With the Troubled Asset Relief Program oversight panel warning that many banks face threats to their stability from commercial real estate losses, financial institutions, regulators, credit rating agencies and other industry participants have sharpened their focus on real estate workouts and refinancings.

Bank executives generally focus on the loans they must restructure, reschedule or foreclose on.

We suggest a broader view: This is an opportunity to comprehensively examine how CRE fits within a bank's overall business in light of credit and operational risk, return on capital and bank resources. This includes considering how carefully nurtured commercial and banking relationships that are crucial to long-term success can suffer if a high degree of care is not exercised when tightening lending standards and improving loan quality.

Attempting to avoid unnecessary hardships for affected clients is important. Equally important is managing regulatory mandates and expectations at a time when regulators are signaling their intent to revisit CRE in terms of concentrations, wholesale funding and underwriting standards.

An overarching regulatory standard is the use of risk-based analyses in the administration of financial institutions. In terms of CRE, this analysis extends beyond a review of market conditions, value of collateral and loan exit strategy to how CRE loans fit within a bank's core business strategy (including Community Reinvestment Act concerns). The analysis should include an honest look at the strengths and weaknesses in the bank's workout plan, including people, processes and systems in place, and adequate budgeting for internal cash-flow demands, including writeoffs, loan-loss provisions and unrecoverable restructuring fees and costs.

This is also an opportunity for a bit of introspection: Can the institution build internal mechanisms to prevent underwriting failings from recurring during the next business cycle? For example, should the bank require that modifications of credit standards be done only at a senior level and be reported to the audit committee?

Analysis should lead to a top-down project tailored to the needs of the bank. As this plan is completed, executives should consider both current and future staffing levels. In times of stress, existing resources alone will almost always fall short of the skills, objectivity, global vision and, most importantly, time needed to do the job.
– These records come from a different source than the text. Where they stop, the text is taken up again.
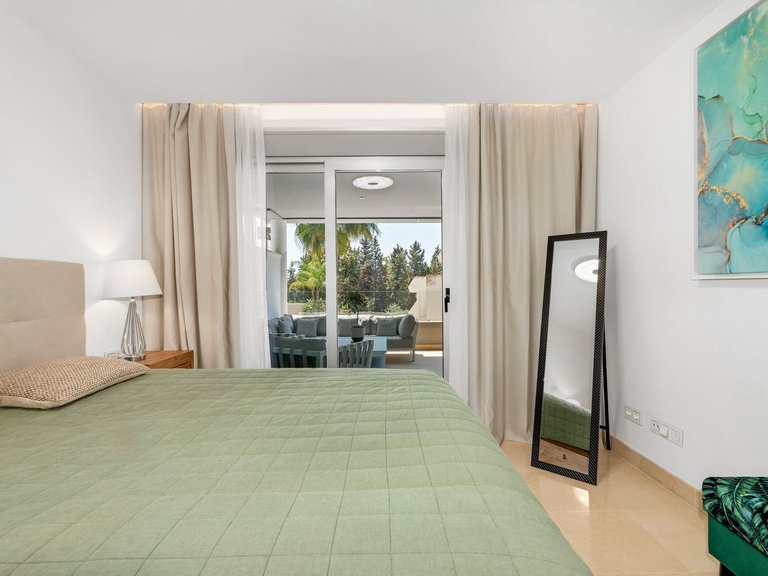 Apartment for Sale in Marbella, Malaga 14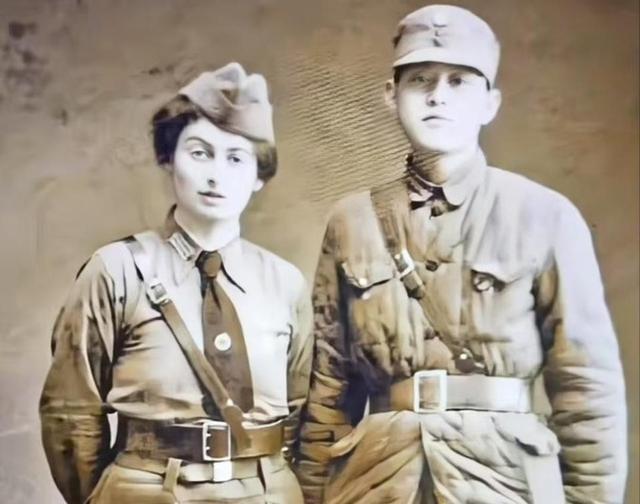 80年代，一位德国老奶奶在德国一家中餐馆结账时，问服务员是哪里人。服务员说是武汉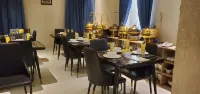 Charles Stainless Hotels Hotele w: 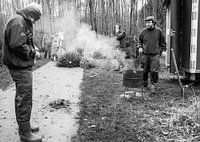 Schwarz-Weiß-Foto von Rauch im Wald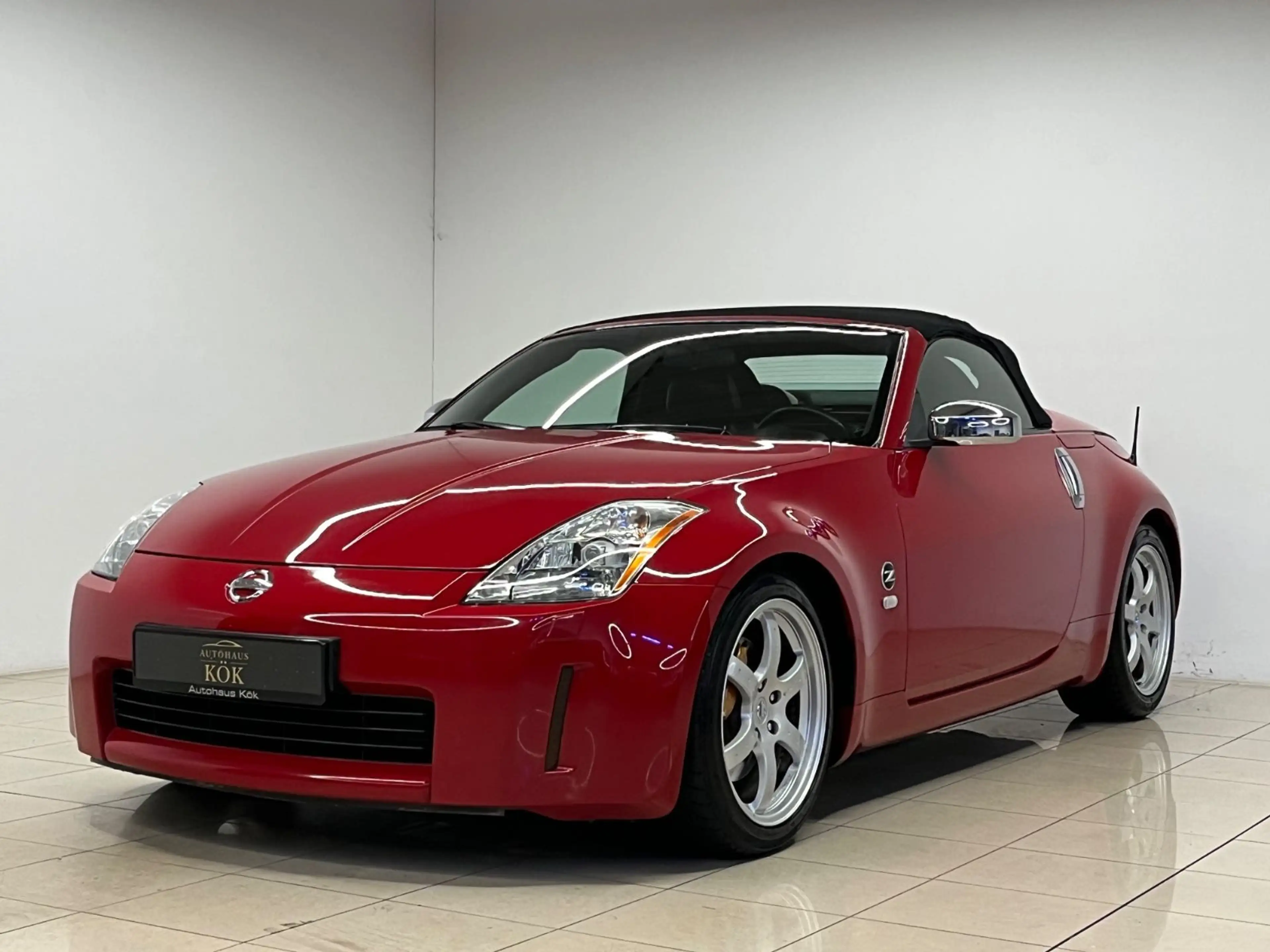Nissan 350Z ROADSTER Sportsitze Serviceheft Unfallfrei — photo 2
Interim staff can help create the systems and processes for a short-term program and fill in staffing during the execution phase. For example, employees familiar with a loan portfolio might maintain a role in workouts, but additional specialists may play a role in both short-term tactical needs (borrower's business plans, auction collateral appraisals) and long-term strategic needs, such as analyses of market or possible tax and equity investment structures.